The insults he has levied at various women include:
“slob, “dog,” “grotesque,” “unsexiest woman alive,” “fat, ugly face,”
“disgusting.” He once told a contestant on his reality show, “It must be a
pretty picture, you dropping to your knees,” a thinly veiled reference to oral
sex. During a deposition, a lawyer requested a break to pump her breast milk
for her baby, and for this Trump called her “disgusting.” Regarding Trump’s
philosophy of women, the
man himself claimed: “You have to treat ‘em like shit.”
This is, once again, a disgrace, a political and a
societal stain on our country. One of the problems our society faces today is
an astonishing lack of gentlemen: a great many young men of my generation have
forgotten how to be courteous, respectful, attentive, and kind towards women.
We need a gentleman’s renaissance in this country—a revitalization of
chivalry—and the last thing that will help such a project is a Donald J. Trump
presidency.
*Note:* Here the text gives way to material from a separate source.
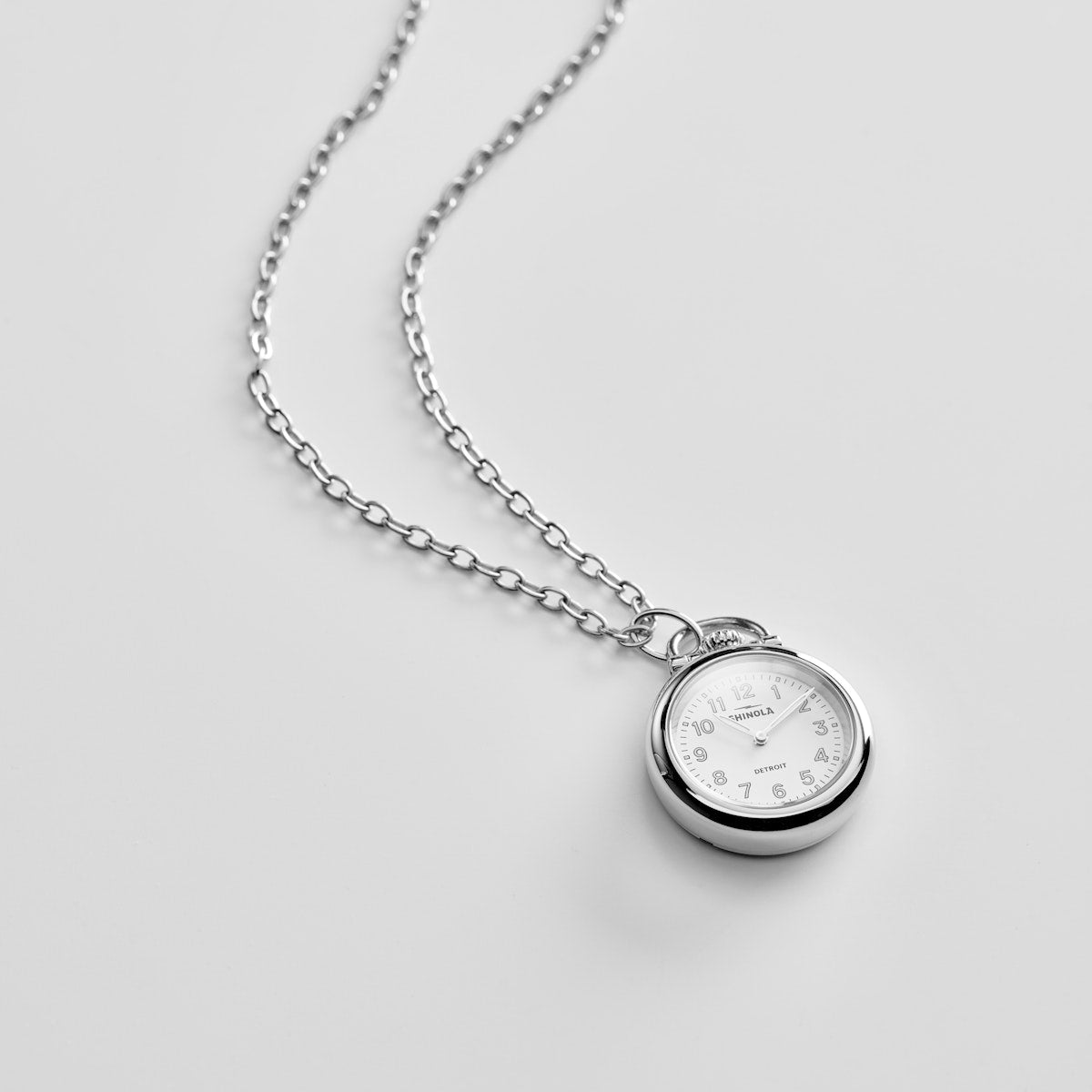 24MM RUNWELL WATCH PENDANT NECKLACE - SILVER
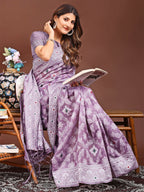 Shree Shyam Fashion Pankhuri Purple Linen Cotton Saree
He would encourage countless young men to be simply terrible
towards women.
5. Donald Trump Is
An Unabashed Flip-Flopper
Over a decade ago, Republicans rightly derided John Kerry
for flip-flopping on a great many important political issues. Yet now the GOP
is poised to nominate a man who is just as bad as Kerry, if not worse.
Years ago Trump used to be very strongly pro-choice; now
he claims he is pro-life. The pro-life movement of course welcomes anyone with
a commitment to stopping abortion, especially people who used to be pro-choice.
But Trump can’t even keep his own abortion opinions straight: earlier in the
spring he took five
different positions on abortion within three days.
That’s not his only flip-flop, however: he is guilty of
plenty of them. He flipped his position on the war in Afghanistan. He flopped
on ordering the military to torture terrorists and kill their families (thank
goodness he changed his mind, but then again he could be lying). He walked back
his previously hardline immigration stance in March: “Everything is
negotiable,” he said. He changed his mind on the H-1B visa program. He changed
his mind on Syrian refugees. He changed his mind on the minimum wage.
These are not small changes to minor details; these are
major policy considerations that Trump just cannot make up his mind about. At
best, we can assume that he is simply very stupid and incapable of forming a
coherent position on these critical issues. At worst—and far more likely—he is
simply willing to change his position on any given issue whenever it suits him.
How could we trust him on anything
once he was in the Oval Office?
The answer is simple: we could not.
6. Donald Trump Is
Avowedly Anti-Free Speech
As noted above, Trump takes a dim view of Citizens United, the Supreme Court
decision that correctly decided for free speech and against censorship. Any
politician that sets himself up against Citizens
United has also set himself up against the First Amendment.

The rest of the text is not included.